The USDA ARS Pecan Breeding & Genetics Program has been involved with both the acquisition and characterization of diversity and with efforts to use it in breeding. The genetic tools that have been and are being developed within the SCRI project “Coordinated development of genetic tools for pecan” are the best path forward. Original National Plant Germplasm System plans chose sites where the target species would survive (Brooks and Barton, 1977). Trees in our collections are resilient and are surviving even though we provide them with minimal care, in order to observe their expression of disease without the filter of multiple fungicidal sprays. The developing database links the GPS coordinates of each tree to its phenotypic and genetic characterizations over time and will be valuable to foresters as well as to the U.S. improved pecan industry, and to international users who have access. These collections were envisioned as long-term assets whose dynamic use would continue.

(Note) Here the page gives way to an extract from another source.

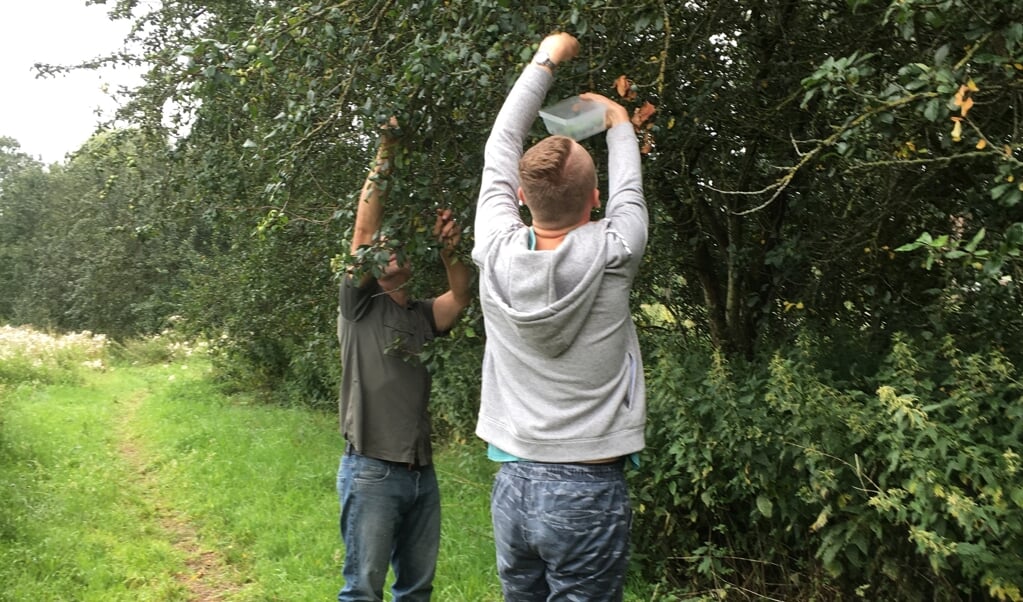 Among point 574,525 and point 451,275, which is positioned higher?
point 451,275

On these sites, these resilient collections with existing documentation will be here if anyone looks for them.
Cohen et al. (1991) reviewed the status of international plant germplasm conservation efforts and categorized four “eras” of off-site genetic resource conservation and use. Their timeline extended from 1850 to 2030. The period from 2010-2030 was predicted to be one of the more efficient utilization of genetic resources with closer linkage between diverse collections and breeders, facilitated by accessible, well-documented material. The National Collection of Genetic Resources for Pecans and Hickories has arrived at that point. Where the next generation goes from here will require coordination of the federal program, domestic and international research partners, and the industries who use the genus Carya. The next generation can use the genetic resources and tools developed by this generation to domesticate pecan.